Sorry! There are no comments related to the filter you selected.

3/4 LoC a night (2, Interesting)

Oddscurity (1035974) | more than 7 years ago | (#17534680)

Will they be successful with helping scientists tag and catalog events in our universe? Will they defeat the monster and get the girl? And will they be home in time for tea? Find out next on GoogleTrek.

Seriously though, processing something the equivalent of 3/4th's of the LoC [loc.gov] every night is nothing to be sneezed at. Over the course of those 10 years that's about 110 Petabyte (40TB * 365.25 * 10) of unprocessed data.

Re:3/4 LoC a night (3, Interesting)

Wavicle (181176) | more than 7 years ago | (#17534796)

I actually did a small, insignificant portion of LSST's computation feasability study at LLNL during my internship there a couple summers ago. And yeah, the computational requirements were nothing to sneeze at. I'm not sure where they are at now, the specs changed seemingly every month, but when I left the CCD array was up to 3 gigapixels of 16 bit greyscale. I believe the observing cadence (at that time, again everything was changing on a regular basis) was two of those for the same piece of sky every 30 seconds. Wish I could have stayed... ahh well. I did get a really nice full-color research poster (that I had to design) out of it though!

Near Earth Objects (2, Interesting)

Oddscurity (1035974) | more than 7 years ago | (#17534856)

I saw a documentary not long ago about doing just this photographing of the same piece of sky, only with longer intervals than 30 seconds. Anything moving would automagically be flagged by the software, it's vector computed. Correct me if I'm wrong, but from what I can tell of this project, it's going to do exactly that (and more), but on a larger scope, and with better accuracy?

Re:Near Earth Objects (2, Informative)

Wavicle (181176) | more than 7 years ago | (#17534974)

Correct me if I'm wrong, but from what I can tell of this project, it's going to do exactly that (and more), but on a larger scope, and with better accuracy?

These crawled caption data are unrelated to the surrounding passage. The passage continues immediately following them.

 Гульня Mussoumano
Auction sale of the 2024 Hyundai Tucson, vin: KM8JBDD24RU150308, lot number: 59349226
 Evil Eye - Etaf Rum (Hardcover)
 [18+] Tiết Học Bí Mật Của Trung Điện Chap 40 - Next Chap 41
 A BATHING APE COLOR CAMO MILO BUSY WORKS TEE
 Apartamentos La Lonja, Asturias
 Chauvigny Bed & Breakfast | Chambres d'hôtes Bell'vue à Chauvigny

Well, I was a very small cog for a very large telescope. But my understanding is pretty much exactly what you just said.

Re:3/4 LoC a night (1)

timeOday (582209) | more than 7 years ago | (#17534944)

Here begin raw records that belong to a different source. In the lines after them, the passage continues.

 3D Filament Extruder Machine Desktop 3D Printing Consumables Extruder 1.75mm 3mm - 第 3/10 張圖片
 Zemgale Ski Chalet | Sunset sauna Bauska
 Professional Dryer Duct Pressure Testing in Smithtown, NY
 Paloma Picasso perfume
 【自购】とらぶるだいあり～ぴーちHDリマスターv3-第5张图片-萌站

Just archiving that much data is bad enough, and google certainly has experience there. But what about making use of all that imagery? No human can look at that much data, and google's experience indexing the web seems only tangentially related.

Re:3/4 LoC a night (0)

Anonymous Coward | more than 7 years ago | (#17534960)

What the other guy said.

Take two pictures at some interval(or a movie, or whatever else), see if anything moves. Currently at least a human then reviews what the computer flagged as having moved to see if it really is something.

That's what I suspect this is for anyway, perhaps not.

Re:3/4 LoC a night (1)

Wavicle (181176) | more than 7 years ago | (#17535034)

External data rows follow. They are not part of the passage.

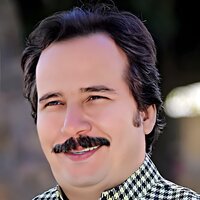 Moor - Baryali Samadi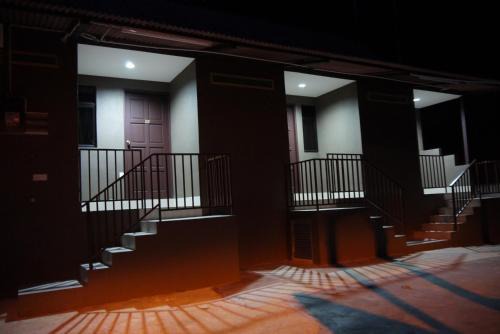 Sungai Lembing Resort | Pollock View Resort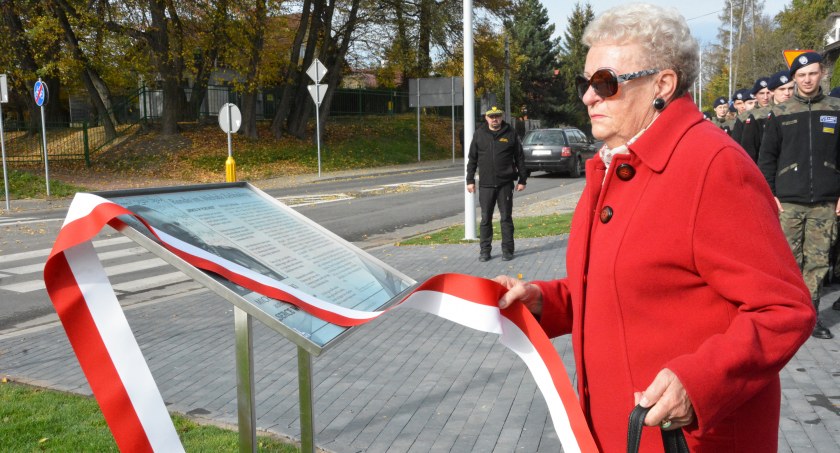  Ulica Kraszewskiego i rondo im. Michała Zielińskiego oficjalnie oddane 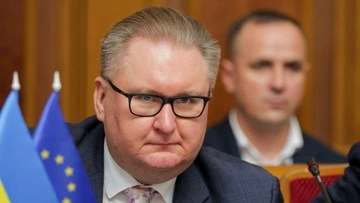 Україна може відкрити всі кластери переговорів з ЄС уже в червні-липні – Качка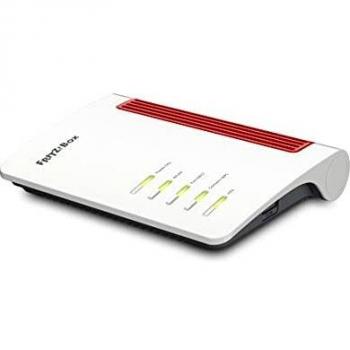 ROUTER FRITZ BOX 7530AX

When I was working on it, I never once heard the name "google" dropped, so I don't know exactly the relationship. We were researching ways to have the computer identify phenomena based on pre-existing photometric pipelines already in use. In my case I was taking an existing algorithm and fitting it onto a super-parallel numeric processor and racing it against general purpose processors (okay, I only actually benched it against a P4, the drawback to these summer internships is they only last as long as the summer).

GPU-accel (1)

Oddscurity (1035974) | more than 7 years ago | (#17535104)

It occurs to me it may be possible to speed the actual processing part up by splitting the Gigapixel images up into ever smaller quadrants, treating them as textures, and using shaders to do the actual heavy lifting.

Re:GPU-accel (1)

Wavicle (181176) | more than 7 years ago | (#17542668)

It's possible. The big problem with using a GPU to handle the processing is that they only support single precision floats and aren't very good at branching algorithms. Not sure how a pixel shader would handle 16 bit grey scale pixels either.

Re:3/4 LoC a night (2, Insightful)

Ingolfke (515826) | more than 7 years ago | (#17535172)

No human can look at that much data, and google's experience indexing the web seems only tangentially related.

Google's PHd's and big thinkers could certainly play a part here. Google is about solving problems with large chunks of constantly changing data that has patterns and creating systems to identify and use those patterns. The web is simply a way for Google to apply the model.

Re:3/4 LoC a night (1)

TopherC (412335) | more than 7 years ago | (#17538712)

My only "concern" here is that Google is used to producing search engine front-ends for casual users, and not for the scientist. When digging through data like this, new ideas generally require new kinds of searches (new algorithms). So instead of a polished front end, the scientists here really need a sort of library/API they can write high-level programs with.

I'm no expert here -- that's just my gut reaction, coming from the slightly-related field of experimental particle physics.

Re:3/4 LoC a night (1)

shadanan (806810) | more than 7 years ago | (#17537102)

I'm thinking Google is the best people to ask to deal with this for 3 reasons:

1. Google indexes massive amounts of data. The telescope imagery will be a massive amount of data.
2. Google has huge data centers capable of a great amount of distributed processing. The telescope data will require a lot of possibly parallel data processing (multiple images, FFTs on the images, comparison between sequences, etc)
3. Google has a plethora of graduate level employees - who better than a bunch of PhD scientists to store / process / index massive amounts of scientific data?

Re:3/4 LoC a night (1)

Wavicle (181176) | more than 7 years ago | (#17541940)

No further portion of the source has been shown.